• [Prompt]:
Go through the records below and tally the lines that include "Price". Answer with the number only.

________

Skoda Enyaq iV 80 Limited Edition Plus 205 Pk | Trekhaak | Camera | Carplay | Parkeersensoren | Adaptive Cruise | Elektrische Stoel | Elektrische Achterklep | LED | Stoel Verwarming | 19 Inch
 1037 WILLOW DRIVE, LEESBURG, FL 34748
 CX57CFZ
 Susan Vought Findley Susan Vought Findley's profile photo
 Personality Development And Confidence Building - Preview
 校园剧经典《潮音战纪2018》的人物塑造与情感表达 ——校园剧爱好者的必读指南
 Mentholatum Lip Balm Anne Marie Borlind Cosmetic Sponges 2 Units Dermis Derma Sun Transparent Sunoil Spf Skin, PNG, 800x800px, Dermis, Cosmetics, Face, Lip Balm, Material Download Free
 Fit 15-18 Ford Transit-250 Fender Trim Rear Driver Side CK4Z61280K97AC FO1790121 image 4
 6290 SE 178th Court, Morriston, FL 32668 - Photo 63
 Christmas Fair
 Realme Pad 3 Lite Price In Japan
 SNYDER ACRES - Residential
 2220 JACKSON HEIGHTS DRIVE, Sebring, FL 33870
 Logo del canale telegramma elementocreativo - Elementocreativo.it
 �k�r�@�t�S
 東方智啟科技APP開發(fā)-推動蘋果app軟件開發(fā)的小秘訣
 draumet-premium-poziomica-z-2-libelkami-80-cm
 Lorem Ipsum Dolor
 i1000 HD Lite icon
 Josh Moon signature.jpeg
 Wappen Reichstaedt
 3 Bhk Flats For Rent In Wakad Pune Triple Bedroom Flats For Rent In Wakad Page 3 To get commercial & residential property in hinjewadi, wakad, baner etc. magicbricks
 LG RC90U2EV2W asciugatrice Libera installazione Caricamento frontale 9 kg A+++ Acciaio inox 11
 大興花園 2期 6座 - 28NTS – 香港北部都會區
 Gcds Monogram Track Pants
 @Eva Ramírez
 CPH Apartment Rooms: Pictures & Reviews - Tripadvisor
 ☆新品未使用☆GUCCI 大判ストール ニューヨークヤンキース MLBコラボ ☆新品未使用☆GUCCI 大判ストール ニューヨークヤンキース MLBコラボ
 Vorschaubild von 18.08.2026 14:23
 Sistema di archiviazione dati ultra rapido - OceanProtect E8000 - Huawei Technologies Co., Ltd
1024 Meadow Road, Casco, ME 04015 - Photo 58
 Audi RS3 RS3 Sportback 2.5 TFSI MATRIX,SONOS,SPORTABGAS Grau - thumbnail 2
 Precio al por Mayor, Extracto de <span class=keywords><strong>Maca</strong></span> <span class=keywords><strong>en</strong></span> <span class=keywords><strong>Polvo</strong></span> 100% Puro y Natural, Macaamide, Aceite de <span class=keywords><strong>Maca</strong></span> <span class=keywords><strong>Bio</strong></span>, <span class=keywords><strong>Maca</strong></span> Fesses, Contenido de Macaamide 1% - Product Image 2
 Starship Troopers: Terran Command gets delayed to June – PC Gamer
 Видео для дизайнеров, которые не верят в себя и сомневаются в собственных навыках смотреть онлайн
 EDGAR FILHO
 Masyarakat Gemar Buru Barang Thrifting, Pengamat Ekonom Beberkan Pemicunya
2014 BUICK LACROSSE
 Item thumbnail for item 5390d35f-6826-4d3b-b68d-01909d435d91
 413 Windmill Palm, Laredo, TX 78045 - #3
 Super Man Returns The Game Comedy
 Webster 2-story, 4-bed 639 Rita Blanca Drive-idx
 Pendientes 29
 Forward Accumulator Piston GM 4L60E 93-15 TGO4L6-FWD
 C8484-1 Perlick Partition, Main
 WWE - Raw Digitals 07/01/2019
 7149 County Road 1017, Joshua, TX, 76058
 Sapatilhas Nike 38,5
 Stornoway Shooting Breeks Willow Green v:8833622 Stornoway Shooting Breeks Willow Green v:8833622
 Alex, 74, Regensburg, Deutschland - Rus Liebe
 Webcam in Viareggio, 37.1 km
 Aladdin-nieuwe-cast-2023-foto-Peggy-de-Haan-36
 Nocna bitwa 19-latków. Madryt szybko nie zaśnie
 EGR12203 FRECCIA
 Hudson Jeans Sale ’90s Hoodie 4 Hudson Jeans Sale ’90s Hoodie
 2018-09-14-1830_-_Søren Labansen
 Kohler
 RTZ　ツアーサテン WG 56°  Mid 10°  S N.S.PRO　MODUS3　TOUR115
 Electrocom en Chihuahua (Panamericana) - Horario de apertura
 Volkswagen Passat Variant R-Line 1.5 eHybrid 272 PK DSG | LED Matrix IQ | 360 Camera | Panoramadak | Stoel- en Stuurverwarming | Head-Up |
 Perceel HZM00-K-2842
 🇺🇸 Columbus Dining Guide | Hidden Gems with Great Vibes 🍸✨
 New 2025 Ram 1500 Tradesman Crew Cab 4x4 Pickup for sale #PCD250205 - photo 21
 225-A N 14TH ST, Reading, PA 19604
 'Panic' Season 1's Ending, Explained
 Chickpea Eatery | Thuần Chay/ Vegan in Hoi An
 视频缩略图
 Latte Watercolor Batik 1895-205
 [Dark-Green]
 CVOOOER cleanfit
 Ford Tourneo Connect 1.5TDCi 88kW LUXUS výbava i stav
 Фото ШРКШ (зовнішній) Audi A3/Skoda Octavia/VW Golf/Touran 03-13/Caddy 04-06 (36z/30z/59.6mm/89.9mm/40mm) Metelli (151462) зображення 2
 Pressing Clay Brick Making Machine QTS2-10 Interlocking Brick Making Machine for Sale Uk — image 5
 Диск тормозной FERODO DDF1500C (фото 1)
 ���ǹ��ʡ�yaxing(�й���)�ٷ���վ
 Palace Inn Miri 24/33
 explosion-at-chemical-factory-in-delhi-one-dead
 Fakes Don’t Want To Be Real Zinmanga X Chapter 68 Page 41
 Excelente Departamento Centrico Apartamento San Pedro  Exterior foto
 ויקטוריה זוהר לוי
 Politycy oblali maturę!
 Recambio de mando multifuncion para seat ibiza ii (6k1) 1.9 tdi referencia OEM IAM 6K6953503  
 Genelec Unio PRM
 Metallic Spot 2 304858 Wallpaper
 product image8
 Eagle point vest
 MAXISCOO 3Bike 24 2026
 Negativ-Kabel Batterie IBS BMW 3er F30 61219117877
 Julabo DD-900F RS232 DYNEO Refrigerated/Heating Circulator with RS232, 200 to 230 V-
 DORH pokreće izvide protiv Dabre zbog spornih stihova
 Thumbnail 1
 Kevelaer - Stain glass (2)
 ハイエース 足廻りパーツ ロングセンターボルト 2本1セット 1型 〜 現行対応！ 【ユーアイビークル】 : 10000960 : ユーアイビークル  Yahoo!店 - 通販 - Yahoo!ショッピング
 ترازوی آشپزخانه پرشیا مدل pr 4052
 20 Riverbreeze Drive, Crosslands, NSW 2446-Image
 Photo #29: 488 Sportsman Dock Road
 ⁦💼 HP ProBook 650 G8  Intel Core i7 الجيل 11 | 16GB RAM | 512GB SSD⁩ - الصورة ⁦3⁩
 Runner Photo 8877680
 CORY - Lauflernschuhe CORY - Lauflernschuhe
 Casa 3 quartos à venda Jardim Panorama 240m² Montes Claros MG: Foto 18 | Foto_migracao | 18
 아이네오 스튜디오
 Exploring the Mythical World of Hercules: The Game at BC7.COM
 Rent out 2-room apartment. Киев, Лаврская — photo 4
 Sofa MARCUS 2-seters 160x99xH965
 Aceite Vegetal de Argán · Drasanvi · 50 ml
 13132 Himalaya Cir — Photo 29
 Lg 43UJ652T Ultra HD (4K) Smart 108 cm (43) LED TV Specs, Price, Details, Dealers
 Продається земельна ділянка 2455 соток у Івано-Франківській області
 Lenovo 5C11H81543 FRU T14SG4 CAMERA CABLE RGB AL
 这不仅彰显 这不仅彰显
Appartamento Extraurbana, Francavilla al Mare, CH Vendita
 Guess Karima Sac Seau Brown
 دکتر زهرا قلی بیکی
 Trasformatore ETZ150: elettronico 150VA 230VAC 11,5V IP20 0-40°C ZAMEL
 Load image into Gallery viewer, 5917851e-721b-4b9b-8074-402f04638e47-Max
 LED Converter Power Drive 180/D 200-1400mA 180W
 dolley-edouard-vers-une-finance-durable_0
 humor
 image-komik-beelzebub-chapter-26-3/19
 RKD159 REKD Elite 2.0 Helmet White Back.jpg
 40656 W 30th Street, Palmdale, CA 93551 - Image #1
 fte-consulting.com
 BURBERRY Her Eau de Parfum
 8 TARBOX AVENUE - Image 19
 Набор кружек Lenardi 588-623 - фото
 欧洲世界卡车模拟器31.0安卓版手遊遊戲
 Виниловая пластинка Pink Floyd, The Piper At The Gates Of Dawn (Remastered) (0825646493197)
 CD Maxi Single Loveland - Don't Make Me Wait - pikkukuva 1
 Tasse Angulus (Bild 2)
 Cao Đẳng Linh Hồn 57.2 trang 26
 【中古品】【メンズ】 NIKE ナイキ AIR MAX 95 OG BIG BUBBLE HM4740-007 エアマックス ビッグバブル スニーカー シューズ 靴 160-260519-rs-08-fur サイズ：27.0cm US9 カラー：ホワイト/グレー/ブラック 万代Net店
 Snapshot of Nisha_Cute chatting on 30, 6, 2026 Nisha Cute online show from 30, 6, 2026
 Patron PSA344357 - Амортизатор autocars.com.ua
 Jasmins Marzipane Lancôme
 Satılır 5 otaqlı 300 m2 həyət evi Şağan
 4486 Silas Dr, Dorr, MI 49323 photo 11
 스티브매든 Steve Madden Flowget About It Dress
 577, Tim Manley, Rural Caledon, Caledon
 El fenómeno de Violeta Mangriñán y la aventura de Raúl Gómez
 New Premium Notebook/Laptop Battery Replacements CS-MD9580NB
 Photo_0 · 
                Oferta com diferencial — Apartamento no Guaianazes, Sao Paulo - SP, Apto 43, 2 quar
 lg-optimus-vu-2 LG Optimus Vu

________

• [Problem solution]:
2